→ **Your assignment**: Word for word, print each line of the listing below; pictures stay out.

→ **Records for processing**:
↓↓↓
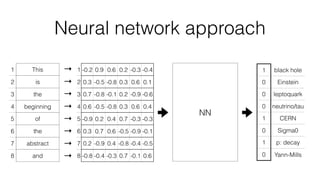 Neural network approach
1 This
2 is
3 the
4 beginning
5 of
6 the
7 abstract
8 and
1 -0.2 0.9 0.6 0.2 -0.3 -0.4
2 0.3 -0.5 -0.8 0.3 0.6 0.1
3 0.7 -0.8 -0.1 0.2 -0.9 -0.6
4 0.6 -0.5 -0.8 0.3 0.6 0.4
5 -0.9 0.2 0.4 0.7 -0.3 -0.3
6 0.3 0.7 0.6 -0.5 -0.9 -0.1
7 0.2 -0.9 0.4 -0.8 -0.4 -0.5
8 -0.8 -0.4 -0.3 0.7 -0.1 0.6
NN
1 black hole
0 Einstein
0 leptoquark
0 neutrino/tau
1 CERN
0 Sigma0
1 p: decay
0 Yann-Mills
→
→
→
→
→
→
→
→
↑↑↑
→ **Response**:
 Neural network approach
1 This
2 is
3 the
4 beginning
5 of
6 the
7 abstract
8 and
1 -0.2 0.9 0.6 0.2 -0.3 -0.4
2 0.3 -0.5 -0.8 0.3 0.6 0.1
3 0.7 -0.8 -0.1 0.2 -0.9 -0.6
4 0.6 -0.5 -0.8 0.3 0.6 0.4
5 -0.9 0.2 0.4 0.7 -0.3 -0.3
6 0.3 0.7 0.6 -0.5 -0.9 -0.1
7 0.2 -0.9 0.4 -0.8 -0.4 -0.5
8 -0.8 -0.4 -0.3 0.7 -0.1 0.6
NN
1 black hole
0 Einstein
0 leptoquark
0 neutrino/tau
1 CERN
0 Sigma0
1 p: decay
0 Yann-Mills
→
→
→
→
→
→
→
→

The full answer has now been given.